Vision of Disorder is an American hardcore/metalcore band from Long Island, New York, that initially released three albums before disbanding in 2002. The band garnered attention for blending melody and groove into a traditional hardcore framework, but its attempts to pursue an alternative metal direction on its third album were met with limited commercial success. The band reunited in 2008 and have since released two further albums, The Cursed Remain Cursed in 2012 and Razed to the Ground in 2015.

History
Guitarists Matt Baumbach and Mike Kennedy formed the band in 1992 with vocalist/lyricist Tim Williams, drummer Brendon Cohen, and bassist Mike Fleischmann. Vision of Disorder released a series of demos and contributed to several compilations before releasing the Still EP in 1995 on Striving for Togetherness Records. The band appeared in the N.Y.H.C. documentary around the same time. Vision of Disorder gained attention for incorporating different styles into its hardcore framework.

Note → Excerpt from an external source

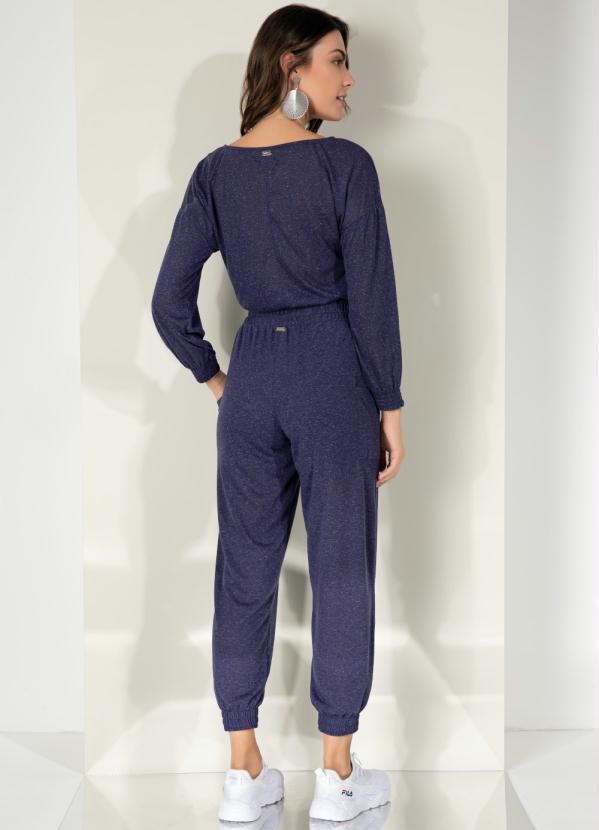 Quintess - Blusa Marinho Decote Canoa com Punhos Largos 4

The band signed with Roadrunner Records' subsidiary, Supersoul, and released its self-titled full-length debut in 1996. The band was later praised for its impact upon the popularization of hardcore music: the debut album was "metallic hardcore that no one had heard, released for a mass audience on a big label. It had its merits; powerful, screamed vocals often layered over depressing clean vocals combined with fresh 'un-hardcore' guitar sections and unfamiliar drum patterns. For anyone into hardcore at the time, this was the album to have."

Vision of Disorder's second album, Imprint, was released in 1998 on Roadrunner Records and featured guest vocals by Pantera's Phil Anselmo on the song "By the River". The band was displeased with the raw production quality, which it attributed to the brief window for recording the album. Vision of Disorder also took issue with the purported lack of tour support by its record label. The band and label severed their working relationship acrimoniously, as Williams recalls:

After the label strife, Vision of Disorder kept a relatively low profile. However, they eventually returned in 1999 with For the Bleeders, a set of nine re-recorded demo songs released on Go-Kart Records.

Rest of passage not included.